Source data
☆ ☆ ☆

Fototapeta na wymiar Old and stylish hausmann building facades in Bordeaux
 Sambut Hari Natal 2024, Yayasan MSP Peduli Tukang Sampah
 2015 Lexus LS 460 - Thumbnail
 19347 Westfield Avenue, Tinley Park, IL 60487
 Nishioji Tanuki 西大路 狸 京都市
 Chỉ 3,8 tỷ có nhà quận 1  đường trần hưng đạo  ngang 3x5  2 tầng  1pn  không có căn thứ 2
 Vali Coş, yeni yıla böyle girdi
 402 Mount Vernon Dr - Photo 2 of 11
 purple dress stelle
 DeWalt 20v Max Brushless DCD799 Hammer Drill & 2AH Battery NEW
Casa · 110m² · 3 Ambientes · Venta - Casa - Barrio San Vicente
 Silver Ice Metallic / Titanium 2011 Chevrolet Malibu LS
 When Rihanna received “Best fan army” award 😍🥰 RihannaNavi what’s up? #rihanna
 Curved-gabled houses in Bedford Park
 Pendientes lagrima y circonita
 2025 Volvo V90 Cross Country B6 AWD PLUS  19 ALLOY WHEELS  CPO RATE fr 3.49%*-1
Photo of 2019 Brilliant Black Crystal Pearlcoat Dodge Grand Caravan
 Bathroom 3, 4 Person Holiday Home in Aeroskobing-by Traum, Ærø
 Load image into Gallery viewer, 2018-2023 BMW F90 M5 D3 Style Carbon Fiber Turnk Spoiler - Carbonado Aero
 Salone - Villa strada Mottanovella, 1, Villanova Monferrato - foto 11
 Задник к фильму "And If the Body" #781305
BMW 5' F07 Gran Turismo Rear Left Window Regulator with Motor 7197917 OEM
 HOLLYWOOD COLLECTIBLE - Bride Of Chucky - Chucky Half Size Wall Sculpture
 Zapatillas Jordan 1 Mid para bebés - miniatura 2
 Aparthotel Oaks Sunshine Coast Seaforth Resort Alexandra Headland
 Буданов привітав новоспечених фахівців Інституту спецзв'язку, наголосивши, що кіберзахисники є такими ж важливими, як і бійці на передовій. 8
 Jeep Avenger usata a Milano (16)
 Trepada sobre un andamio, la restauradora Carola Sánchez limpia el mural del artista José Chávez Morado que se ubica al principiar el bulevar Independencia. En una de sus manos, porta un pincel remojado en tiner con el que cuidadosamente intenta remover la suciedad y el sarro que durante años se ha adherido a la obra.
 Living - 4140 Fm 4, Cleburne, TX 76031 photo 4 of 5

☆ ☆ ☆

**What you should do:**
Reproduce, character for character, only the lines of the preceding data that start at the line with "2015 Lexus LS 460 - Thumbnail" and end at the line with "Jeep Avenger usata a Milano (16)", both included.

**Solution to this exercise:**
 2015 Lexus LS 460 - Thumbnail
 19347 Westfield Avenue, Tinley Park, IL 60487
 Nishioji Tanuki 西大路 狸 京都市
 Chỉ 3,8 tỷ có nhà quận 1  đường trần hưng đạo  ngang 3x5  2 tầng  1pn  không có căn thứ 2
 Vali Coş, yeni yıla böyle girdi
 402 Mount Vernon Dr - Photo 2 of 11
 purple dress stelle
 DeWalt 20v Max Brushless DCD799 Hammer Drill & 2AH Battery NEW
Casa · 110m² · 3 Ambientes · Venta - Casa - Barrio San Vicente
 Silver Ice Metallic / Titanium 2011 Chevrolet Malibu LS
 When Rihanna received “Best fan army” award 😍🥰 RihannaNavi what’s up? #rihanna
 Curved-gabled houses in Bedford Park
 Pendientes lagrima y circonita
 2025 Volvo V90 Cross Country B6 AWD PLUS  19 ALLOY WHEELS  CPO RATE fr 3.49%*-1
Photo of 2019 Brilliant Black Crystal Pearlcoat Dodge Grand Caravan
 Bathroom 3, 4 Person Holiday Home in Aeroskobing-by Traum, Ærø
 Load image into Gallery viewer, 2018-2023 BMW F90 M5 D3 Style Carbon Fiber Turnk Spoiler - Carbonado Aero
 Salone - Villa strada Mottanovella, 1, Villanova Monferrato - foto 11
 Задник к фильму "And If the Body" #781305
BMW 5' F07 Gran Turismo Rear Left Window Regulator with Motor 7197917 OEM
 HOLLYWOOD COLLECTIBLE - Bride Of Chucky - Chucky Half Size Wall Sculpture
 Zapatillas Jordan 1 Mid para bebés - miniatura 2
 Aparthotel Oaks Sunshine Coast Seaforth Resort Alexandra Headland
 Буданов привітав новоспечених фахівців Інституту спецзв'язку, наголосивши, що кіберзахисники є такими ж важливими, як і бійці на передовій. 8
 Jeep Avenger usata a Milano (16)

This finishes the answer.